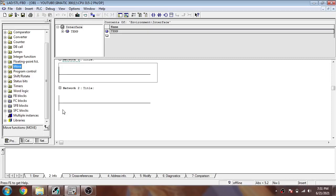Hello, Assalamu Alaikum friends, welcome back to my new tutorial of SIMATIC Manager, which is also called Step 7. In this video we are going to discuss the MOVE operations in different modes of SIMATIC Manager.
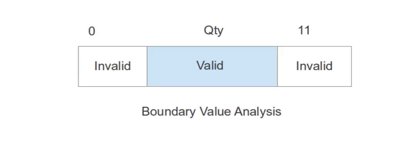So in boundary value analysis, values at and just beyond the boundaries of input domain are used to generate test cases to ensure proper functionality of the system. Let's take an example for a system that accepts input numbers.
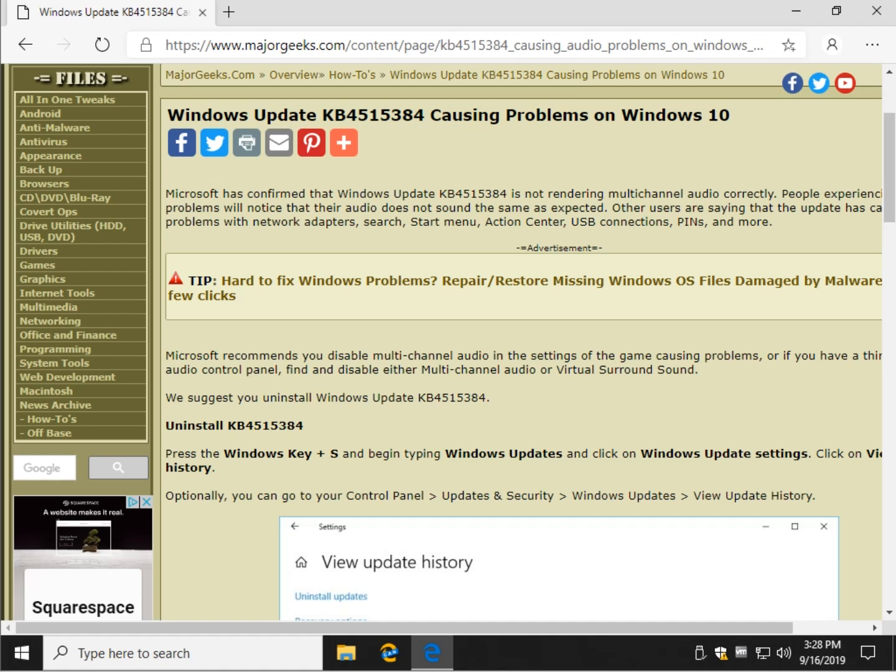Hey Geeks, Tim Tippett's here with MajorGeeks.com. Today we're looking at a problem with Windows Update KB4515384. Essentially, Microsoft has confirmed it's not rendering multi-channel audio correctly, so maybe your games don't sound right.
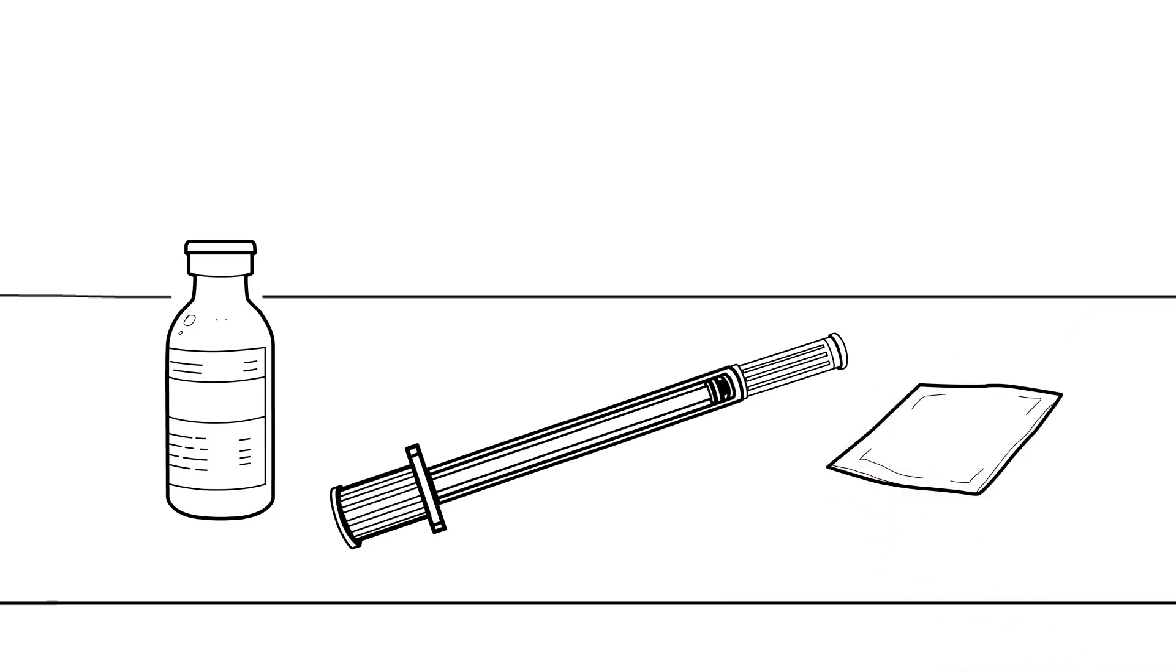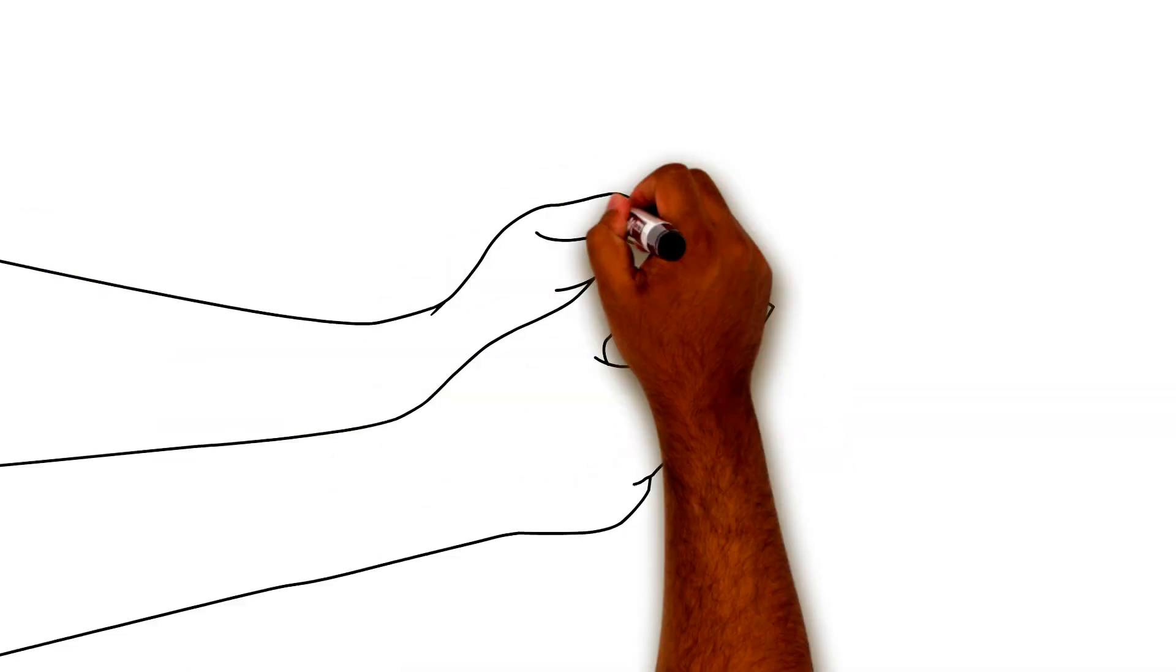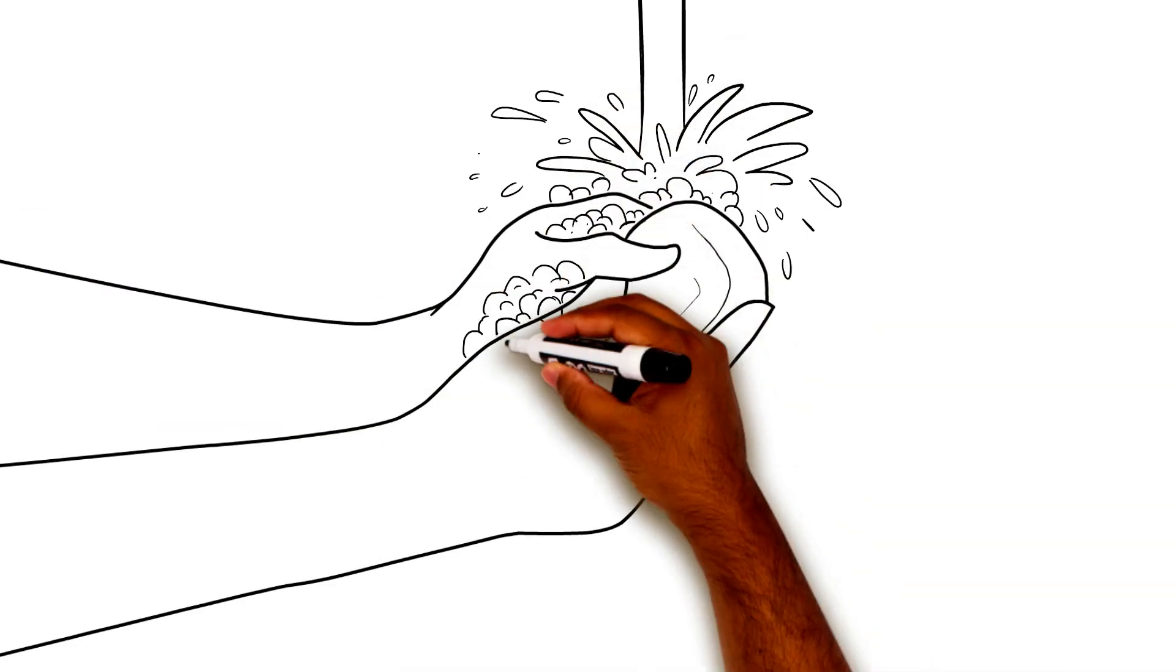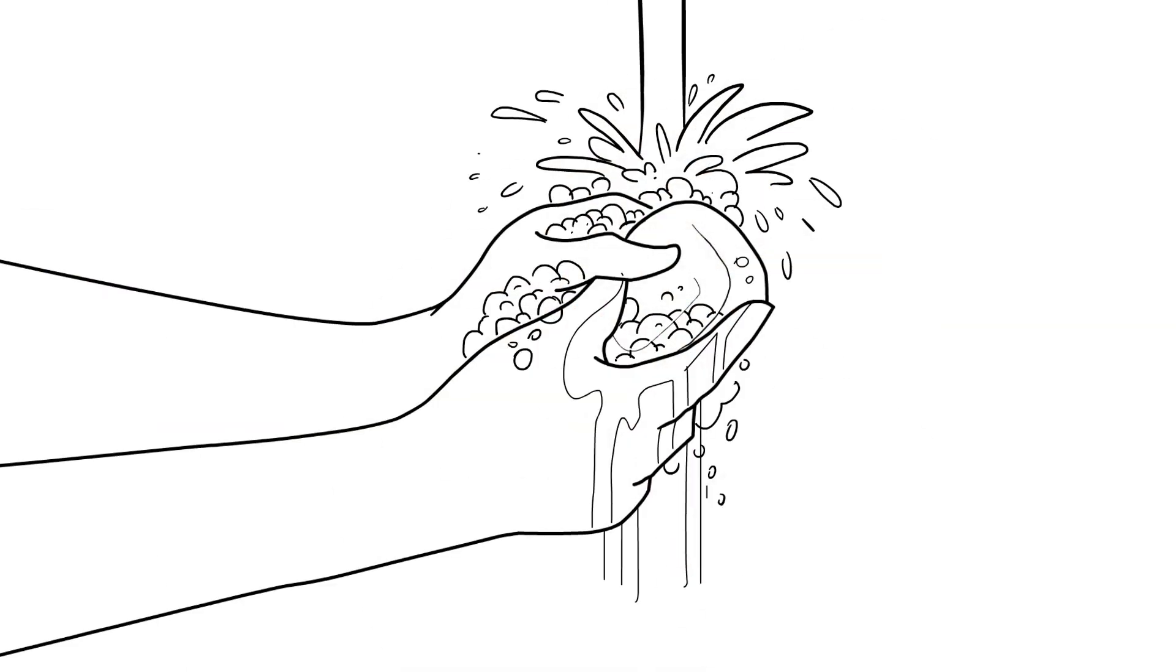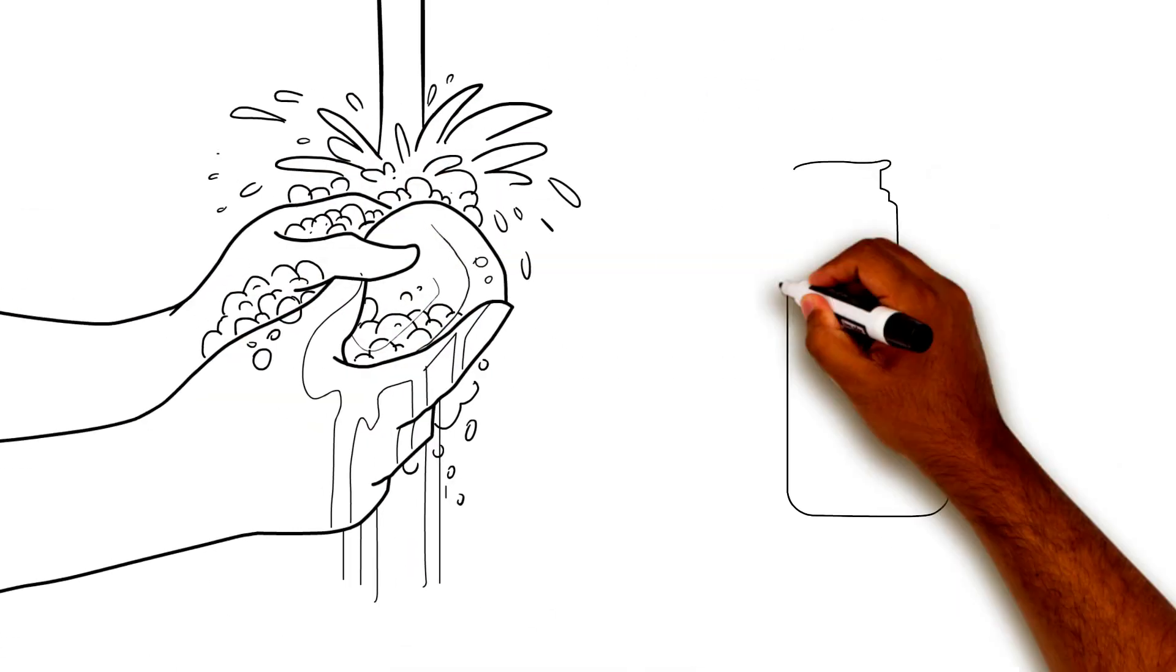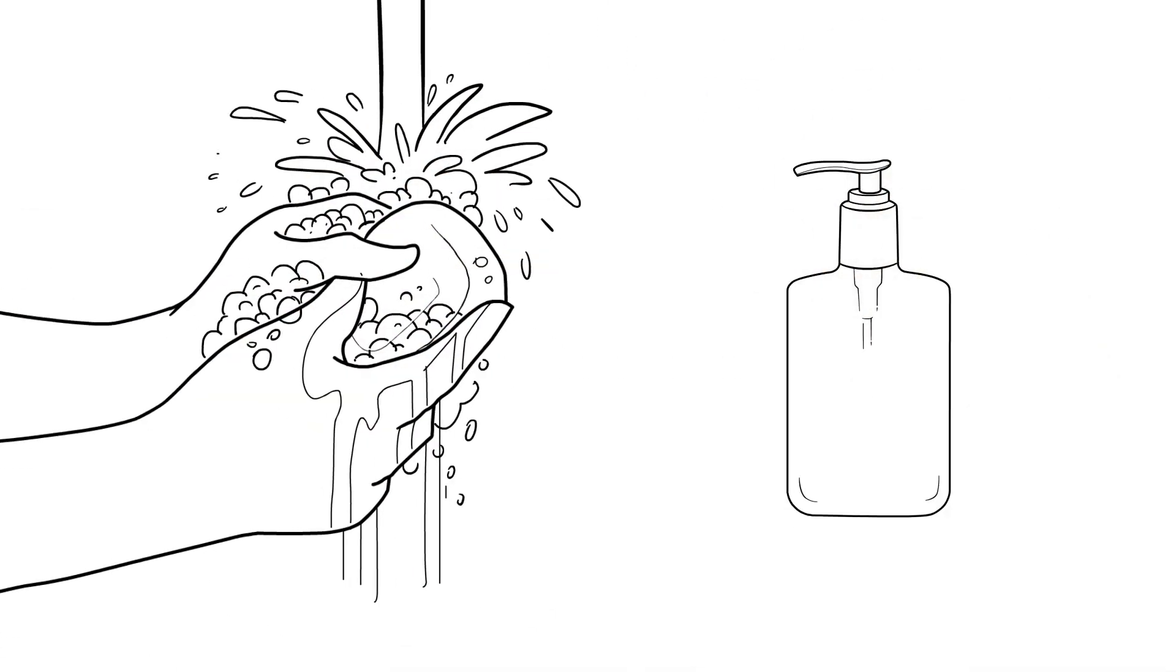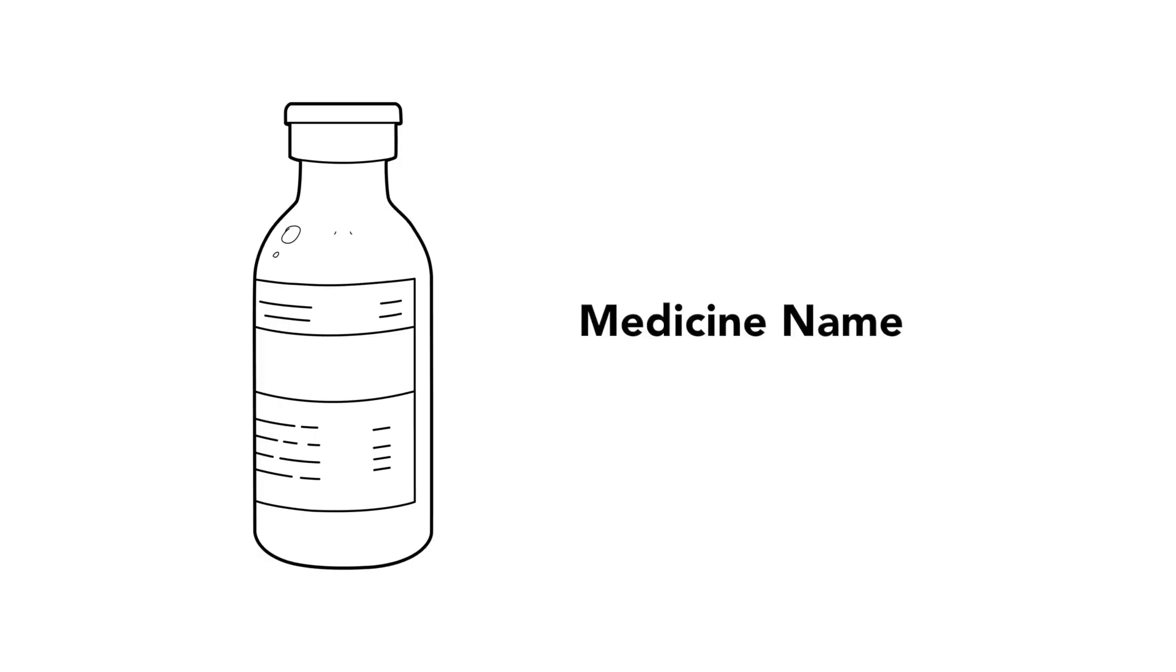Place the supplies on a clean, flat surface. Wash your hands with soap and water. You can also use hand sanitizer if you are not able to wash your hands. Make sure the name of the insulin on the vial is the medicine you want to give.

^^^^^^^^

= What this task involves =
Word for word, retype all of the data above, but include no pictures.

= Written answer =
Hello, Assalamu Alaikum friends, welcome back to my new tutorial of SIMATIC Manager, which is also called Step 7. In this video we are going to discuss the MOVE operations in different modes of SIMATIC Manager.
So in boundary value analysis, values at and just beyond the boundaries of input domain are used to generate test cases to ensure proper functionality of the system. Let's take an example for a system that accepts input numbers.
Hey Geeks, Tim Tippett's here with MajorGeeks.com. Today we're looking at a problem with Windows Update KB4515384. Essentially, Microsoft has confirmed it's not rendering multi-channel audio correctly, so maybe your games don't sound right.
Place the supplies on a clean, flat surface. Wash your hands with soap and water. You can also use hand sanitizer if you are not able to wash your hands. Make sure the name of the insulin on the vial is the medicine you want to give.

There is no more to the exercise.